You guys have sweet cars. I wish mine could do that. I need to save up lots of money though... and maybe graduating from high school first might help...

-Nick


----------



## RiceBox (Apr 30, 2002)

You Albertans are lucky. They put SALT on the roads here for 4 months of the year. It eats the metal like crazy.


----------



## mustang302 (Apr 30, 2002)

Why don't you do what i do. Store for the winter that way it gets preserved and in two years it will be one mean killing machine


----------



## hybrid DET (Apr 15, 2002)

> Hey Mario and Charles,
> Yeah you guys provided some awesome motivation to me. Unfortuantely, I hate to exceed my predacessors (sp?), but it is inevitable. I will reign supreme, muhahahaha. Glad to see everyone has come so far. You guys rock!

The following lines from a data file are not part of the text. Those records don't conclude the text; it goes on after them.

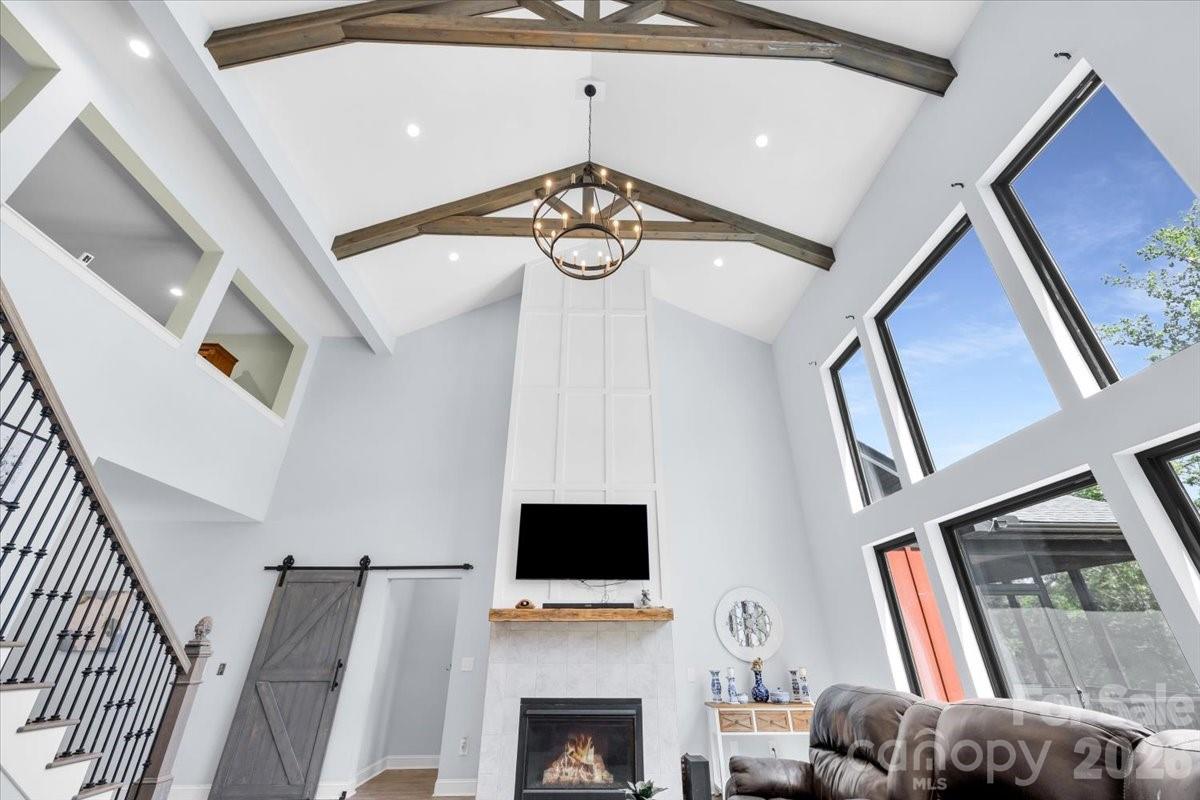 1194 99 Island Road — Blacksburg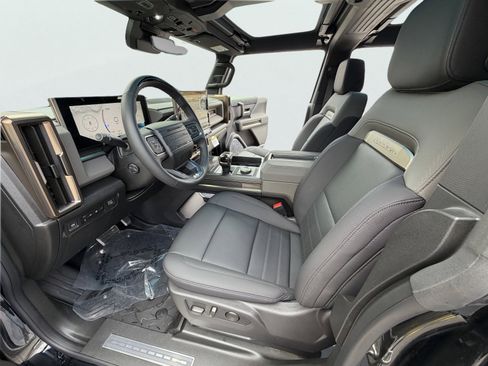 Used 2024 GMC Hummer EV 2X w/ LPO, Illumination Package image 19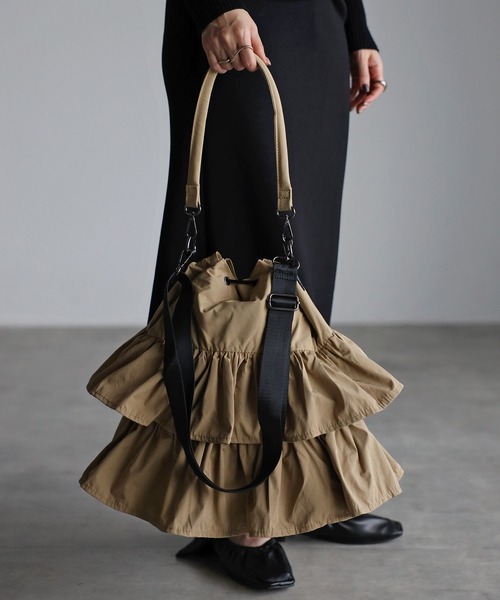 GUSCIO(グッシオ)の「【グッシオベーシック】フリルショルダーバッグ 2WAY 巾着(ショルダーバッグ・レディース・ベージュ/カーキ/ブラック・FREE)」の19枚目の写真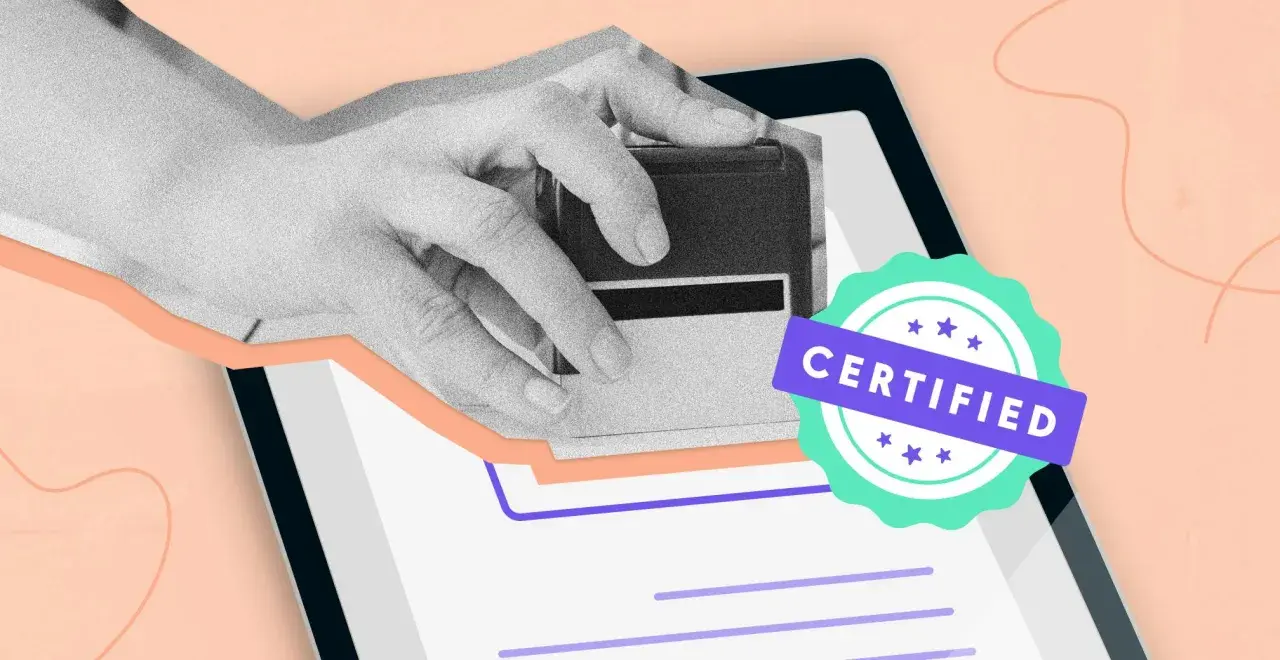 Mano estampando un documento con un sello de empresa ejemplo, con un distintivo "CERTIFIED" al lado.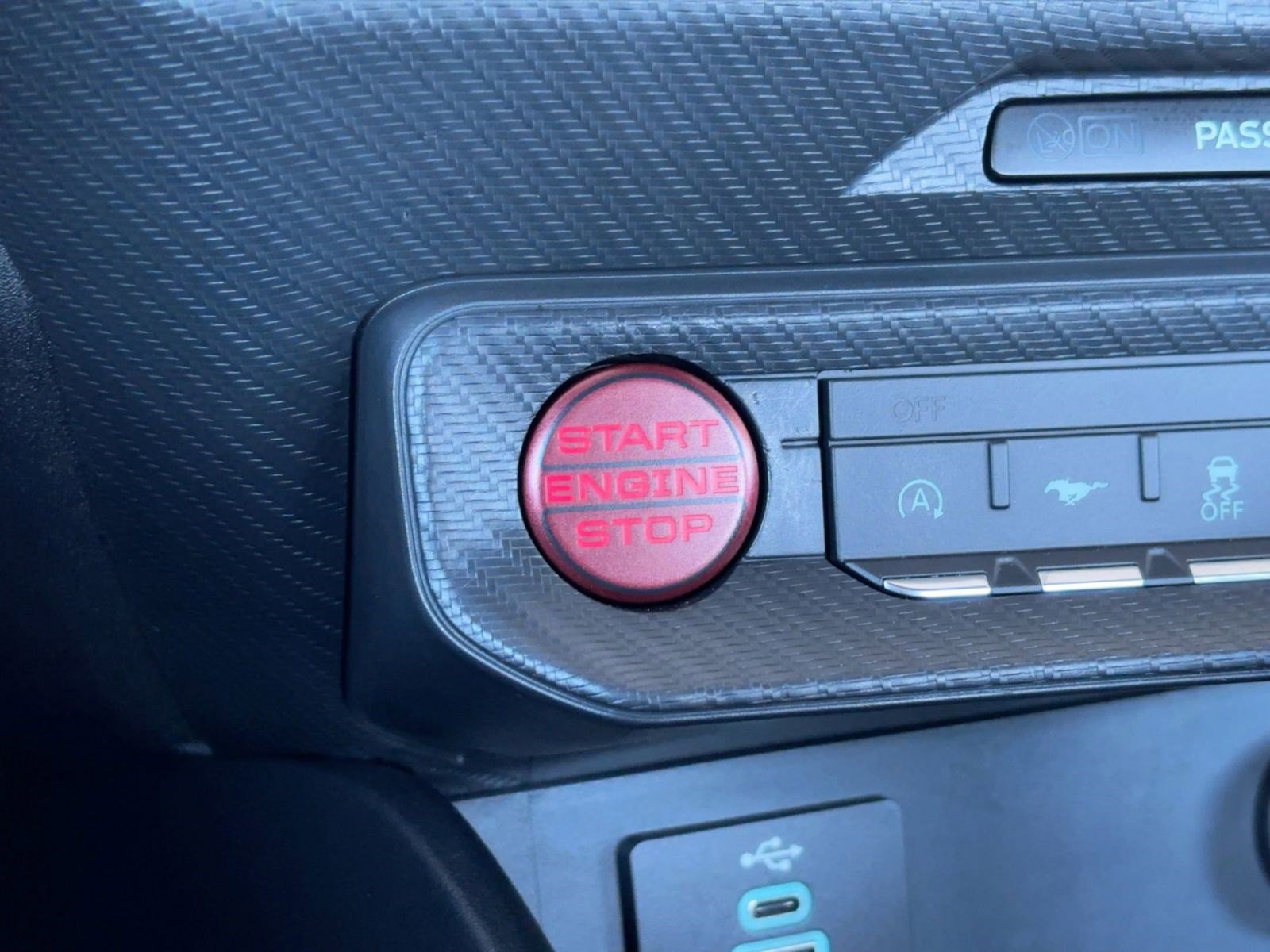 Certified 2024 Ford Mustang Coupe image 26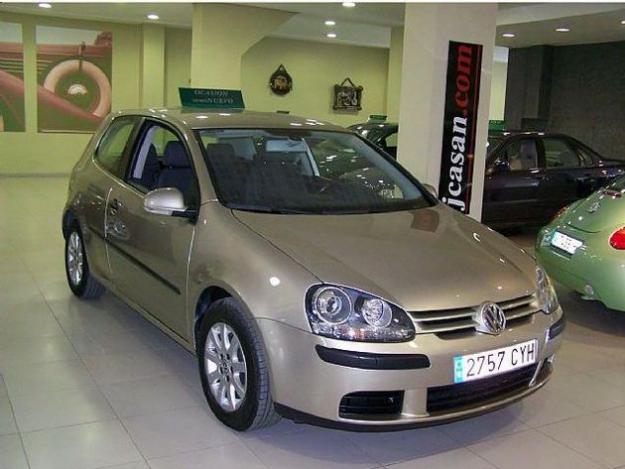 Venta de coche Volkswagen Golf 2.0 Fsi Highline Tiptr. '04 en Valencia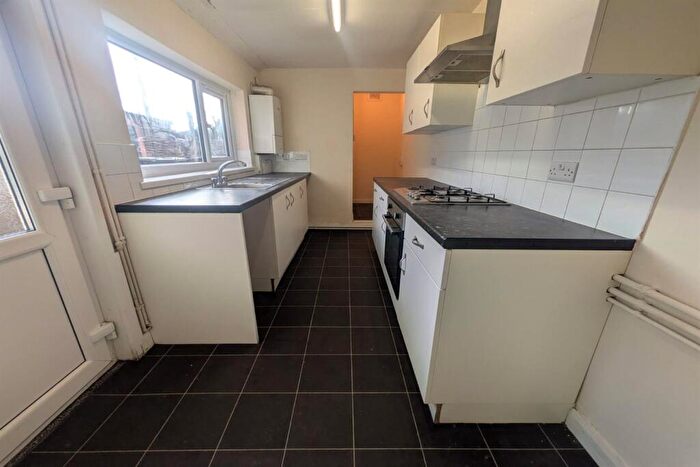 3 Bedroom Terraced House To Rent In City Road, Beeston, NG9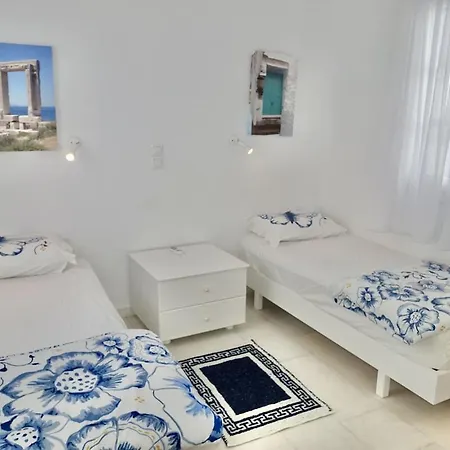E - Kamari Village بيت للعطل *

"Exceed predacessors"? %^&$#@~! 

*reaches through the monitor and smacks john around a bit*

Ah man, If John's ego gets any bigger I may have to use my moderator powers to split this post into two and label the new thread, "John's Ego."


----------



## sentrastud (May 3, 2002)

mustang302 said:


> *Why don't you do what i do. Store for the winter that way it gets preserved and in two years it will be one mean killing machine *


We drive B12's! How could you survive a winter without burying your B12 in a snowbank once, or parking lot drifting!?! Maybe its a high school thing, but the B12 is the ultimate winter car!!

-Nick


----------



## Guest (May 7, 2002)

more like winter death trap


----------



## sentrastud (May 3, 2002)

Only if you cant drive in winter really good...

-Nick


----------



## RiceBox (Apr 30, 2002)

sentrastud said:


> *
> 
> We drive B12's! How could you survive a winter without burying your B12 in a snowbank once, or parking lot drifting!?! Maybe its a high school thing, but the B12 is the ultimate winter car!!
> 
> -Nick *


It's so true. I drive through 2 foot high snowbanks, drift around corners and I NEVER get stuck in the winter.


----------